Decision Date30 March 1973
Docket NumberNo. 24393,24393
Citation108 Cal.Rptr. 338,32 Cal.App.3d Supp. 1
CourtCalifornia Superior Court
Parties32 Cal.App.3d Supp. 1 PEOPLE of the State of California, Plaintiff and Respondent, v. Manuel Joseph MORENO, Defendant and Appellant. Appellate Department, Superior Court, San Joaquin County, California
OPINION

DOZIER, Judge.

THE INCIDENT (S)

At about 5 o'clock in the morning on January 1, 1972, Sheriff's Deputies Dunn and Phillips responded to a call of a family disturbance at 848 South Adelbert Street with the possibility of a gun involved. When the officers arrived, they noticed Manuel Moreno standing on the front porch sobbing.

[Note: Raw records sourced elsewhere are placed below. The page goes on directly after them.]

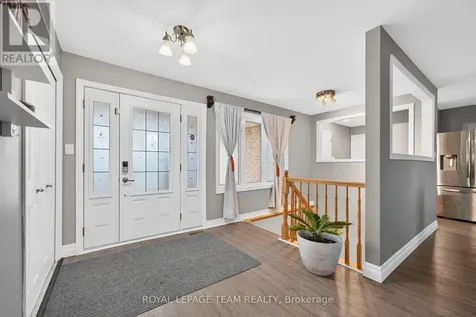 281 Bristow Dr Drive Montague ON K7A 5B8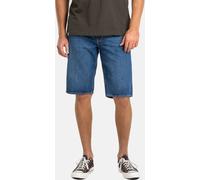 Reell Pantaloncini Rafter Short 2 1201-007-02-002 31 Blu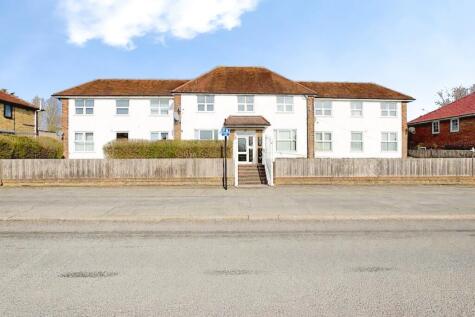 Churchdown, Bromley, BR1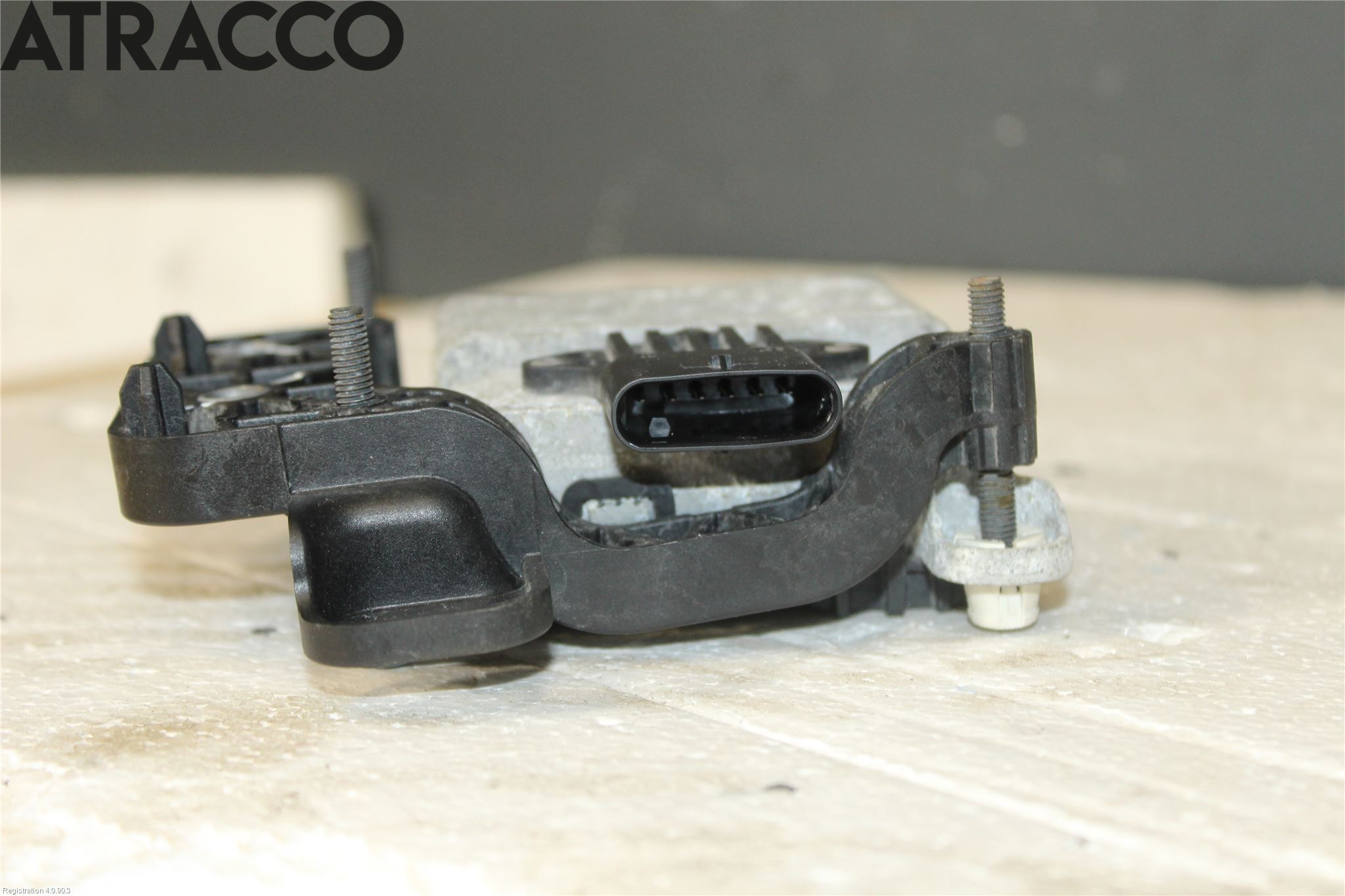 Opel CORSA F, CORSA-E 20- Sensor Aktivt Kollisionsskydd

He did not respond to their questionings so the officers interrogated the residents of the home who had called the police. While this questioning was in process, Moreno started to walk away. There is extreme conflict in the evidence as to what then occurred. It is clear that Dunn placed his hand on Moreno to restrain him. The necessity of this action and the manner in which it was done were points in respect to which the witnesses violently disagreed. Whether the officers were brusque, brutal and aggressive or Moreno obstinate, defiant and physically resistant depends on which witnesses are believed. There was also not agreement as to whether the officers were detaining for questioning or making an arrest or, if both, the moment when the purpose of their action changed.

In any event, Moreno for a considerable period of time struggled with the officers and either struck and kicked them or attempted to do so. He was finally subdued, handcuffed and placed in the police car.

Moreno was then quiet and peaceable for the next one-half hour during the ride to the jail and while he was being brought to the booking desk. Thereafter, he took offense at the request to remove his wallet and another fight with Dunn, in the presence of the booking desk personnel, occurred.

THE TRIAL

Moreno went to trial only on the charge of a violation of Penal Code section 148, resisting an officer in the discharge of his duty, the Penal Code section 243, battery upon a police officer, having been dismissed.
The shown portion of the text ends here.